Question

Find the relation between ${{t}_{1}}$ and ${{t}_{2}}$ , where the normal at ${{t}_{1}}$ to the parabola ${{y}^{2}}=4ax$ meets the parabola ${{y}^{2}}=4ax$ again at ${{t}_{2}}$ .

Answer 1

Hint: The given problem is related to the equation of normal to parabola in parametric form. The general equation of the normal to the parabola at a point $\left( a{{t}^{2}},2at \right)$ is given by $y=-tx+2at+a{{t}^{3}}$ , where $t$ is a parameter. Find the equation of normal at ${{t}_{1}}$ , then substitute the point ${{t}_{2}}$ in the equation of the normal.
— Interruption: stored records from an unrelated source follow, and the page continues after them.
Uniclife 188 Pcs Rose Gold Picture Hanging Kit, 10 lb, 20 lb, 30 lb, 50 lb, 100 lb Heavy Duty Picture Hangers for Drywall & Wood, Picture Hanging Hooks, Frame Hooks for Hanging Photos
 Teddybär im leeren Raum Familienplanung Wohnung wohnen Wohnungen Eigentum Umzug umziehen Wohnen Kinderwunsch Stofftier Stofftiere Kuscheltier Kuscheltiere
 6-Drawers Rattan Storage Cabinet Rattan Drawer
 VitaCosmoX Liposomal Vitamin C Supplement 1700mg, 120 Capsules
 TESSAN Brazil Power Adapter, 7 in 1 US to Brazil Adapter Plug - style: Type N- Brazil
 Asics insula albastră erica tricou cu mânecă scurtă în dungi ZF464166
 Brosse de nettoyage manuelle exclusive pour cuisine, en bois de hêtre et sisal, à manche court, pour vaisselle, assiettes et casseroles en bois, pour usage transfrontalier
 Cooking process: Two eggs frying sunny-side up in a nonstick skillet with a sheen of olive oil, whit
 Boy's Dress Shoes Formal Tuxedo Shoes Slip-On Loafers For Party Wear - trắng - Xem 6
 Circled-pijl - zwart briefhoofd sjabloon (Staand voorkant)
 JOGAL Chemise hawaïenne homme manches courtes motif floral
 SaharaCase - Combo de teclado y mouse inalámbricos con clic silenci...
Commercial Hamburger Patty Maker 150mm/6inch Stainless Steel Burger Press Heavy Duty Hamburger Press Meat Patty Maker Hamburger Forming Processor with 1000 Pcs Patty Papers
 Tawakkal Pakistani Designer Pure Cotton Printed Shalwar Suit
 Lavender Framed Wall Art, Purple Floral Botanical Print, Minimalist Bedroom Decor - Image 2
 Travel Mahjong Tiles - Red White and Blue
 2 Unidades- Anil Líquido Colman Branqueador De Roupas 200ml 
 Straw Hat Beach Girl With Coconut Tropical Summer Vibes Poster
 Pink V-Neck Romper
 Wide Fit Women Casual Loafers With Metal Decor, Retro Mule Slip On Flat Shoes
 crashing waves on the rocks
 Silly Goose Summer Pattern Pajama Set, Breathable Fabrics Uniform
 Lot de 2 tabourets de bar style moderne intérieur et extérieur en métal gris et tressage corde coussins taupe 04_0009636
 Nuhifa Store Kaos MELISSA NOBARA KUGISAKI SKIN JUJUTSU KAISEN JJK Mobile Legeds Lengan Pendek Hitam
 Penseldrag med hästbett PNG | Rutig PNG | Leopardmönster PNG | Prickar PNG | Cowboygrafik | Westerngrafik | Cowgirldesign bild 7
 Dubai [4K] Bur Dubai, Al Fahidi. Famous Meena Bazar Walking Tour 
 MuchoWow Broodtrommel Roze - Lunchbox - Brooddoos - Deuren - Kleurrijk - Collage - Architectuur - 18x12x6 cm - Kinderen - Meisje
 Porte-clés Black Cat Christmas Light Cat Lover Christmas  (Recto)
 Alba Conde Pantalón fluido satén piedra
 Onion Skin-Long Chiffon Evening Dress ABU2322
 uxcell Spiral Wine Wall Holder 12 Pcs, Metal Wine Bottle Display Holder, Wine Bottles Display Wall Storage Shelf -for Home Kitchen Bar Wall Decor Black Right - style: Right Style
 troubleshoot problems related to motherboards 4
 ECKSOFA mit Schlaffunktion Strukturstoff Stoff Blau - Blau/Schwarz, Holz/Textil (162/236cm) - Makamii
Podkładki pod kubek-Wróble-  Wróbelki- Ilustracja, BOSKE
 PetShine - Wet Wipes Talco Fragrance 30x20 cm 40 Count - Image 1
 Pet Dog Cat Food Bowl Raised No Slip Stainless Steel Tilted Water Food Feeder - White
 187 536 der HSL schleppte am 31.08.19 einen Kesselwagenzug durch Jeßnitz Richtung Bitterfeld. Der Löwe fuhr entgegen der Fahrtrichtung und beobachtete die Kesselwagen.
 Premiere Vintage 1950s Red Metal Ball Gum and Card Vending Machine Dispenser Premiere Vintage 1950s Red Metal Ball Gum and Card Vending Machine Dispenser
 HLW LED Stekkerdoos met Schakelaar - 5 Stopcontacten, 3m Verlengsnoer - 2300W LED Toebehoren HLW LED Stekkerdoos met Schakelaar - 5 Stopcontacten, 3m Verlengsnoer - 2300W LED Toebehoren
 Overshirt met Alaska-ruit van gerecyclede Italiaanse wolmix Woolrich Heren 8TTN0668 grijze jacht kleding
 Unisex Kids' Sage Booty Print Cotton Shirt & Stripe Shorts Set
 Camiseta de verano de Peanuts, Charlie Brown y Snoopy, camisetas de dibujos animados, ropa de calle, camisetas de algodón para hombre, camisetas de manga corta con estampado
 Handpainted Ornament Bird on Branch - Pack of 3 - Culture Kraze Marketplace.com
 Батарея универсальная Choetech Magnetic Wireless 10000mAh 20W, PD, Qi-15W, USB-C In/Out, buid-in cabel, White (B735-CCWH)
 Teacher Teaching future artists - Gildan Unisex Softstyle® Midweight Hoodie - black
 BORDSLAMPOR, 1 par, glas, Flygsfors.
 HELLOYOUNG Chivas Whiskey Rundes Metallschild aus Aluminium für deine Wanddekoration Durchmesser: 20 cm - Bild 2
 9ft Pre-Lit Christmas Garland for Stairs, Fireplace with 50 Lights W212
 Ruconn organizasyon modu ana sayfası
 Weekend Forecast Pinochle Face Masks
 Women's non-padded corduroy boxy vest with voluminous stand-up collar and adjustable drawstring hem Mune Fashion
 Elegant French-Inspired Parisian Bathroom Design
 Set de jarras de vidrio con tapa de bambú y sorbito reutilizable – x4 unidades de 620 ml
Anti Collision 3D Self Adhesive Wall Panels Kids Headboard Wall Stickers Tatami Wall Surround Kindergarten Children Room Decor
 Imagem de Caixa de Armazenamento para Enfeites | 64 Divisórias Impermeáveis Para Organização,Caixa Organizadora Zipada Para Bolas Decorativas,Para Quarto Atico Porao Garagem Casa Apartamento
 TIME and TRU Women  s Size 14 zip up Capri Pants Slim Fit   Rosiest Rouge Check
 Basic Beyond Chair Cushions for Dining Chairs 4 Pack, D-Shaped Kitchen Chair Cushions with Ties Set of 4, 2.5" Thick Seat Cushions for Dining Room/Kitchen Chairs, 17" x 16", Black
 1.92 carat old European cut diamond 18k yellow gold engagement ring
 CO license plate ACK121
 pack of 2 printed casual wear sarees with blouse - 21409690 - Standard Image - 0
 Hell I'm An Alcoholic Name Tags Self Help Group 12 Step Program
On simplifying the equation, we will get the relation between ${{t}_{1}}$ and ${{t}_{2}}$ .

Complete step-by-step answer:
We are given the equation of the parabola as ${{y}^{2}}=4ax$ .
Now, we will consider two points on the parabola given by $P\left( at_{1}^{2},2a{{t}_{1}} \right)$ and $Q\left( at_{2}^{2},2a{{t}_{2}} \right)$ , where ${{t}_{1}}$ , and ${{t}_{2}}$ are parameters.

Now, we need to find the equation of normal at $P$.
We know, the general equation of the normal to the parabola at a point $\left( a{{t}^{2}},2at \right)$ is given by $y=-tx+2at+a{{t}^{3}}$ , where $t$ is a parameter.
So, the normal to the parabola at the point $P\left( at_{1}^{2},2a{{t}_{1}} \right)$ will be given is given by substituting ${{t}_{1}}$ in place of $t$ in the general equation of the normal.
On substituting ${{t}_{1}}$ in place of $t$ in the general equation of the normal, we get $y=-{{t}_{1}}x+2a{{t}_{1}}+at_{1}^{3}....\left( i \right)$ .
Now, we are given that the normal at $P\left( at_{1}^{2},2a{{t}_{1}} \right)$ intersects the parabola at $Q\left( at_{2}^{2},2a{{t}_{2}} \right)$ . So, $Q\left( at_{2}^{2},2a{{t}_{2}} \right)$ should lie on the normal and hence, will satisfy the equation of the normal at $P\left( at_{1}^{2},2a{{t}_{1}} \right)$ . So, we will substitute $x=at_{2}^{2}$ and $y=2a{{t}_{2}}$ in equation (i). On substituting $x=at_{2}^{2}$ and $y=2a{{t}_{2}}$ in equation (i), we get:
$2a{{t}_{2}}=-{{t}_{1}}\left( at_{2}^{2} \right)+2a{{t}_{1}}+at_{1}^{3}$
$\Rightarrow 2a{{t}_{2}}-2a{{t}_{1}}=-at_{2}^{2}{{t}_{1}}+at_{1}^{3}$
$\Rightarrow 2a\left( {{t}_{2}}-{{t}_{1}} \right)=-a{{t}_{1}}\left( t_{2}^{2}-t_{1}^{2} \right)$
$\Rightarrow 2\left( {{t}_{2}}-{{t}_{1}} \right)=-{{t}_{1}}\left( t_{2}^{2}-t_{1}^{2} \right)$
Now, we know, we can write $t_{2}^{2}-t_{1}^{2}$ as $\left( {{t}_{2}}-{{t}_{1}} \right)\left( {{t}_{2}}+{{t}_{1}} \right)$ . So, we get:
$\Rightarrow 2\left( {{t}_{2}}-{{t}_{1}} \right)=-{{t}_{1}}\left( {{t}_{2}}-{{t}_{1}} \right)\left( {{t}_{2}}+{{t}_{1}} \right)$
$\Rightarrow 2=-{{t}_{1}}\left( {{t}_{2}}+{{t}_{1}} \right)$
$\Rightarrow \dfrac{-2}{{{t}_{1}}}={{t}_{1}}+{{t}_{2}}$
$\Rightarrow \dfrac{-2}{{{t}_{1}}}-{{t}_{1}}={{t}_{2}}$
Hence, the relation between ${{t}_{1}}$ and ${{t}_{2}}$ , where the normal at ${{t}_{1}}$ to the parabola ${{y}^{2}}=4ax$ meets the parabola ${{y}^{2}}=4ax$ again at ${{t}_{2}}$ is given as ${{t}_{2}}=\dfrac{-2}{{{t}_{1}}}-{{t}_{1}}$ .

Note: While simplifying the equations, please make sure that sign mistakes do not occur. These mistakes are very common and can confuse while solving. Ultimately the answer becomes wrong. So, sign conventions should be carefully taken.